Items from a dataset
※

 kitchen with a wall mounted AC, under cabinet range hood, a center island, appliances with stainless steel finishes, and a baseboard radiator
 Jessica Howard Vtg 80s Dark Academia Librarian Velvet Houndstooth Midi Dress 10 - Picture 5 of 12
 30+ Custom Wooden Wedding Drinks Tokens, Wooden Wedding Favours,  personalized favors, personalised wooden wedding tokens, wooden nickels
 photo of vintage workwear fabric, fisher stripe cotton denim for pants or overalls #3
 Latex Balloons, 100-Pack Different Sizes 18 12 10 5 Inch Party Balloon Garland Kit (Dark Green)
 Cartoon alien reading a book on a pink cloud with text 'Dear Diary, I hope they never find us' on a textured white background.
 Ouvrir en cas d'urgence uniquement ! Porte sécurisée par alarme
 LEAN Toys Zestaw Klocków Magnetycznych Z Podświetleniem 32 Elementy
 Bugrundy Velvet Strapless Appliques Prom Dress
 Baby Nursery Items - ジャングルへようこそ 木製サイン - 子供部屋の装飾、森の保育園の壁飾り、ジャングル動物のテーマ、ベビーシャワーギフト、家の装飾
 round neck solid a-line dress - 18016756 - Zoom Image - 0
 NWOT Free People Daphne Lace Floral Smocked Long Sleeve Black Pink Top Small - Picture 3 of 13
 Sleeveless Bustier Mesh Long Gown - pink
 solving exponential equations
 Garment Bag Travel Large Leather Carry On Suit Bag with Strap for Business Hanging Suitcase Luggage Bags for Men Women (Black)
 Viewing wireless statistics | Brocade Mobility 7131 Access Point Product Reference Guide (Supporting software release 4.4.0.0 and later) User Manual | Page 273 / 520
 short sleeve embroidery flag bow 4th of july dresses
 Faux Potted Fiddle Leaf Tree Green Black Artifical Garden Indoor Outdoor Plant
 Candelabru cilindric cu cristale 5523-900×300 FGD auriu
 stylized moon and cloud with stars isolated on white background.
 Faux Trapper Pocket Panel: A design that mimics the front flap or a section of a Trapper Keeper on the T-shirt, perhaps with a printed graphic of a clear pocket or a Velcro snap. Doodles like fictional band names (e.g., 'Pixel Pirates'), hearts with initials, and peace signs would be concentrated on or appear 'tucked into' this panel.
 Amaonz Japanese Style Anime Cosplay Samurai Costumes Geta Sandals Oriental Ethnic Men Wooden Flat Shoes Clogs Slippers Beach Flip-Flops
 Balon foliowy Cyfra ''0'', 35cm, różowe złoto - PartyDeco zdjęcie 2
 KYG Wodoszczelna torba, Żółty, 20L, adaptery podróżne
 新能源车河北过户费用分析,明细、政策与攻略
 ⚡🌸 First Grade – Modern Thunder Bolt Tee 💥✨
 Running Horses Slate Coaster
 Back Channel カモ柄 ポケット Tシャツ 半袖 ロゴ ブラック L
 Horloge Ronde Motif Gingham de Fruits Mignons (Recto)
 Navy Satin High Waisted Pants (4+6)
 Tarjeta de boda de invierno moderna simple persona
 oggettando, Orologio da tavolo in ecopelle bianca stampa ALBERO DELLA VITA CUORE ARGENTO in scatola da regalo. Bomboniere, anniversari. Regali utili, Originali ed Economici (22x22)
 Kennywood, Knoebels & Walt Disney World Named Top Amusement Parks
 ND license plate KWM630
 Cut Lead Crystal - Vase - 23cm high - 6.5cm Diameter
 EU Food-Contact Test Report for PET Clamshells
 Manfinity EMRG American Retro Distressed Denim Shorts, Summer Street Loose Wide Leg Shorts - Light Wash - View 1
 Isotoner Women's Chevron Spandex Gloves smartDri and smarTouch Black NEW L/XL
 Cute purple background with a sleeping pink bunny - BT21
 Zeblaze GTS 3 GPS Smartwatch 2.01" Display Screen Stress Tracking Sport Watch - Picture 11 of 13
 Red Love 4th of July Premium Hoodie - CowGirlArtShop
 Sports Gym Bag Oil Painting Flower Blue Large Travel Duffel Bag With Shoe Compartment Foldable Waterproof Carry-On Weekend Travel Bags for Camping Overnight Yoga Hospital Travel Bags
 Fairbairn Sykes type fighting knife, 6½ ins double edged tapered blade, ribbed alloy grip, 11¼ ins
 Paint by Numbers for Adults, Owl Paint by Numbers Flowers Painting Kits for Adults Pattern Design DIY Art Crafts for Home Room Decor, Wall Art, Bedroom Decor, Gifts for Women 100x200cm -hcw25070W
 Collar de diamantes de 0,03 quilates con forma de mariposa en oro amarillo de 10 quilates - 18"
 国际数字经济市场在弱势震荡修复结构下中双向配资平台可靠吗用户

※

→ **Task item**
Note each line above that contains "white" and copy it out.

→ **Result of the task**
 Cartoon alien reading a book on a pink cloud with text 'Dear Diary, I hope they never find us' on a textured white background.
 stylized moon and cloud with stars isolated on white background.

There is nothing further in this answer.